KIHC is working in partnership with a research team based out of Pepperdine University, engaging in a new oral history program focused on under-studied pioneers of the early Internet. KIHC will provide a home for their study data, and make it available to scholars at UCLA and globally. Furthermore, we are working with the Pepperdine team to gain a more comprehensive picture of all the people who worked on the early Internet.

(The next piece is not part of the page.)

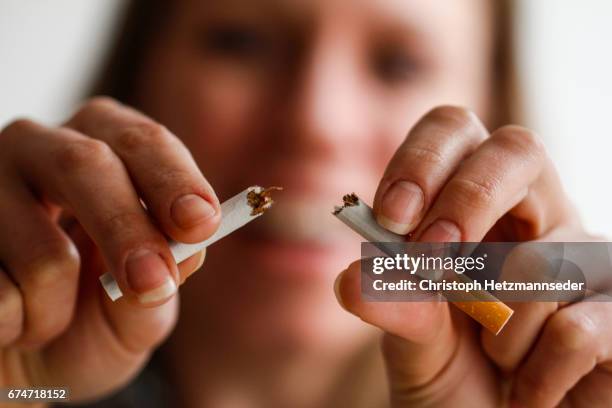 quit smoking - quitting smoking stock pictures, royalty-free photos & images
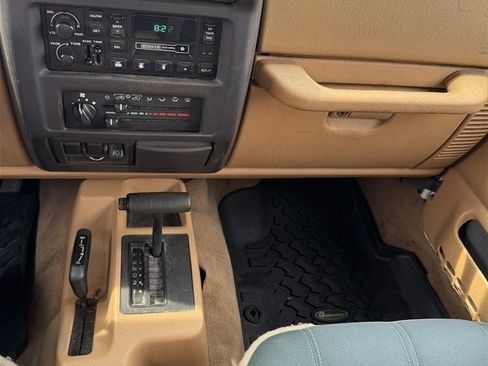 Used 1998 Jeep Wrangler SE AWD/4WD image 15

Their NetsB4Internet project will run through 2012-2013:
Histories of the development of the internet are abundant but focus almost exclusively on the technological developments leading to and fostering its creation. Attention to and an understanding of the social interconnections of the people who created and facilitated its development are rare. The histories and activities of the “fathers of the internet,” those pivotal few who, e.g., conceived the idea of interactive computer communication, managed the government funding agency, sent the first message, wrote the key TCP/IP protocol, and structured the world-wide web, are well chronicled and celebrated. But the stories of those “uncles and aunts” whose support, research, and development activities were crucial to the creation and international expansion of computer networking are largely undocumented. Initial inquiries reveal that the personal and professional relationships of all of these pioneers have not been studied to assess their effect on the direction and development of the internet technology. Therefore, inquiry into the nature and evolution of the social network underpinning the development of the early computer networks:
- will produce an important historical record,
- could provide a unique perspective on the social underpinnings of the diffusion of this important technology, and
- may yield new insights into the creation of technological innovations in general.